Existence and Uniqueness
This note contains some theorems that refer to existence and uniqueness of solution of ODE.
Theorem 1. Consider the linear differential equation of n-th order: `y^((n))+p_1(t)y^((n-1))+p_2(t)y^((n-2))+...+p_n(t)=f(t)` . If all coefficients `p_1(t)`, `p_2(t)`, ..., `p_n(t)` and `f(t)` are continuous in interval `(a,b)` then equation has unique solution, which satisfies given initial conditions `y(t_0)=y_0` , `y'(t_0)=y_0^'` , ..., `y^((n-1))(t_0)=y_0^((n-1))` , where `t_0` belongs to the interval `(a,b)` .
Note that there are no restrictions on `y_0,y_0^',...,y_0^((n-1))` .
Theorem 2. Consider the IVP `y'=f(t,y)` `y(t_0)=y_0` . If `f(t,y)` and `(partial f)/(partial y)` are continuous in some rectangle `(t_1,t_2)` , `(y_1,y_2)` that contains point `(t_0,y_0)`, then there exists unique solution to the IVP in some interval `t_0-epsilon<t<t_0+epsilon` (`epsilon>0` ) that is contained in interval `(t_1,t_2)` .
These theorems are very similar, however there is one big difference: for the linear ODE there are no restrictions on initial function values (`y_0,y_0^',...,y_0^((n-1))` ), unlike the case with non-linear ODE (theorem 2).
Example 1. Determine all sollutions to the following IVP: `y'=y^(1/5)` , y(0)=0.
Here `f(t,y)=y^(1/5)` and it is continuous, but `(partial f)/(partial y)=1/5 y^(-4/5)` is not continuous at `y=0` so theorem 2 doesn't hold an there is more than solution.
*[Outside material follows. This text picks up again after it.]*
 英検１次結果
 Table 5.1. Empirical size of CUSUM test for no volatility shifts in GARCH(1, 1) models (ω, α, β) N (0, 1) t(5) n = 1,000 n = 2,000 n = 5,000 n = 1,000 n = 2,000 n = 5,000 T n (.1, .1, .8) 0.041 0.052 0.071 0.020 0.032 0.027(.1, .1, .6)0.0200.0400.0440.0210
Note, that first solution is `y=0`.
To find second solution note that `(dy)/(dt)=y^(1/5)->(dy)/(y^(1/5))=dt`
Integrating both sides gives `5/4 y^(4/5)=t+C`.
Plugging initial conditions yields `5/4*0^(4/5)=0+C ->C=0`
So, `5/4 y^(4/5)=t`
Or
`y^(4/5)=4/5t`
`y^4=(4/5t)^5`
`y=+-(4/5t)^(5/4)`
Thi gives two other solutions. So, together with `y=0` there are three different solutions.